Touting tea party backing, Akin's endorsed by Bachmann and King
This article first appeared in the St. Louis Beacon, April 12, 2012 - WASHINGTON – The struggle for tea party-related support among Missouri’s Republican Senate contenders continued Thursday as U.S. Rep. Todd Akin, R-Wildwood, announced the endorsement of former presidential hopeful and congressional Tea Party Caucus founder Michele Bachmann.
Akin’s corralling of U.S. Reps. Bachmann, R-Minn., and Steve King, R-Iowa – staunch conservatives who, along with Akin, were among the caucus’ founding members in 2010 – follows last month’s dispute over the significance of the Tea Party Express’ endorsement of GOP Senate contender and former state Treasurer Sarah Steelman.
Upset with that decision by the nation’s biggest tea party political action committee, 18 Missouri-based tea party groups issued a statement in March disavowing the endorsement, saying the California-based Tea Party Express does “not speak for Missouri tea party organizations when stating they have identified a 'true Tea Party candidate in Missouri.'” Two other tea party-aligned groups – the Missouri Conservative Coalition and the Gateway Grassroots Initiative – later issued similar statements.
The Gateway Grassroots Initiative, which includes activists who broke away from the St. Louis Tea Party, said in a statement that the Tea Party Express' support for Steelman “was done without consulting or reaching out to local groups to gauge whether or not their endorsement was a wise one.”
The third major Republican contender for the Senate nomination, St. Louis businessman John Brunner, also announced several endorsements Thursday.
In an interview, Akin said no one GOP Senate candidate will garner support from all of the state’s tea party groups. “The Missouri tea party groups are all pretty independent, and they all have their own opinions,” Akin said. “There are some very prominent tea party leaders that are huge supporters of ours – on the national stage as well as locally. We do have the support of quite a number of local tea party groups.”

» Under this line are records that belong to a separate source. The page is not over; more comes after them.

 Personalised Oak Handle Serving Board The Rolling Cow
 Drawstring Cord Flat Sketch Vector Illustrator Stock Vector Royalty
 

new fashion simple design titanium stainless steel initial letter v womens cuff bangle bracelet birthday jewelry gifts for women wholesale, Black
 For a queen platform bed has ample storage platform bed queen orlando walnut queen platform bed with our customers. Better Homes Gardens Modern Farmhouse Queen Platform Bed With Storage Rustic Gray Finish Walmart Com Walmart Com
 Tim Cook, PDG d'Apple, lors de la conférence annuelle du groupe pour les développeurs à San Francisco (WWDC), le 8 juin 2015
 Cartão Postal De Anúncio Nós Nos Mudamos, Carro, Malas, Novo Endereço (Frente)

While two other Missouri U.S. House members are in the Tea Party Caucus – Reps. Blaine Luetkemeyer, R-St. Elizabeth, and Vicky Hartzler, R-Harrisonville – neither has yet made an endorsement in the GOP Senate race. Akin, who has been endorsed by “quite a number” of other U.S. House conservatives, said he has “not specifically asked” for their endorsements, in part because “I don’t want to put them in a crossfire” among Missouri Republicans.

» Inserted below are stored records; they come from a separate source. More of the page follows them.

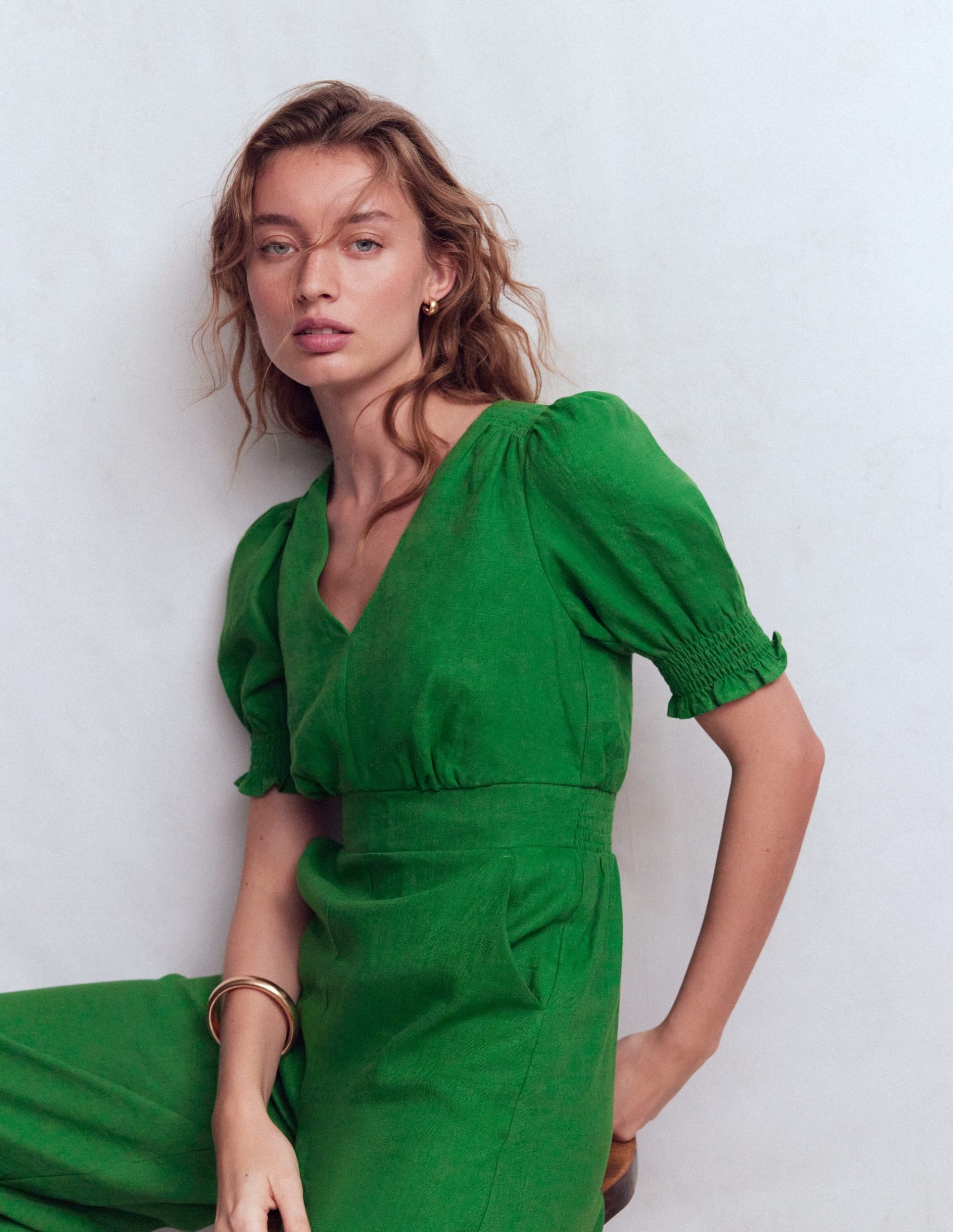 Anna Linen Jumpsuit-Amazon Green - Image 5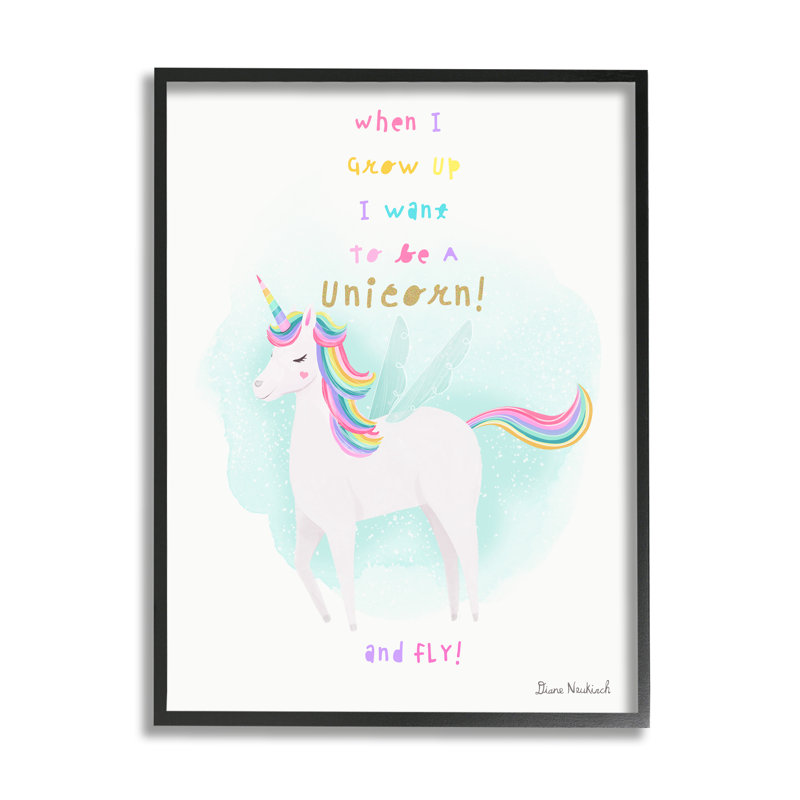 Citation inspirante de licorne, Giclée encadrée noir minuit, H 14 po x l 11 po x P 1,5 po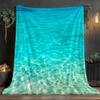 [Turquoise Ocean Blanket] 1pc Turquoise Ocean Waves Print Flannel Throw Blanket - Lightweight All-Season Soft Bedspread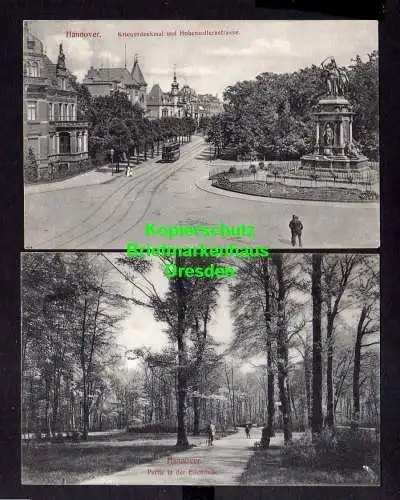 114733 2 AK Hannover Eilenriede 1909 Kriegerdenkmal Hohenzollernstrasse 1909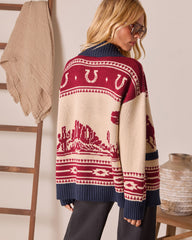 Desert Rodeo Motif Cardigan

The U.S. House Tea Party caucus was founded by Bachmann and others in mid-2010 and grew to 60 members last year with the arrival of tea-backed GOP freshmen. Bachmann made much of her Tea Party support before dropping out of the GOP presidential race in January. King is an outspoken fiscal and social conservative who opposes same-sex marriage and wants a crackdown on illegal immigration.
“Michele Bachmann was the one who really started” the Tea Party caucus, Akin said, but she was soon joined by Akin, King and others “who had been working together as a team” to oppose the Obama’s administration’s Affordable Care Act. “We were very much in the minority but fighting against government takeover of health care.”
In a statement, Akin called Bachmann and King “dear friends and colleagues” who are among “the most staunch defenders of Liberty” in Congress. “I am proud to stand with them and I am very grateful for their support in this important race.”
King is scheduled to appear with Akin at campaign events this weekend in Missouri, including a “KC Tea Party Tax Day Rally” at 10 a.m., Sat., April 14 in Kansas City and a “Taxed Enough Already Rally” at 1 p.m. that day at the Missouri Capitol Rotunda in Jefferson City. Akin said tea party groups had asked for King to speak.
The Missouri tea party groups that said last month that they did not endorse Steelman were: Branson Tea Party, Callaway Patriots Tea Party, Capital Tea Party, Cooper County Tea Party, Eureka Tea Party, Franklin County Patriots, I Heard The People Say (a St. Louis County group), Jefferson County Tea Party, Lebanon Tea Party, Liberty Restoration Project, Macon County Patriots, Mid-MO Patriots, Northsiders TEA Party, Sikeston Tea Party, Springfield Tea Party, Springfield/Greene County TEA Party, and the Sullivan 9-12 Group. The Missouri Conservative Coalition, which also includes a number of tea party groups, also criticized the Tea Party Express' action.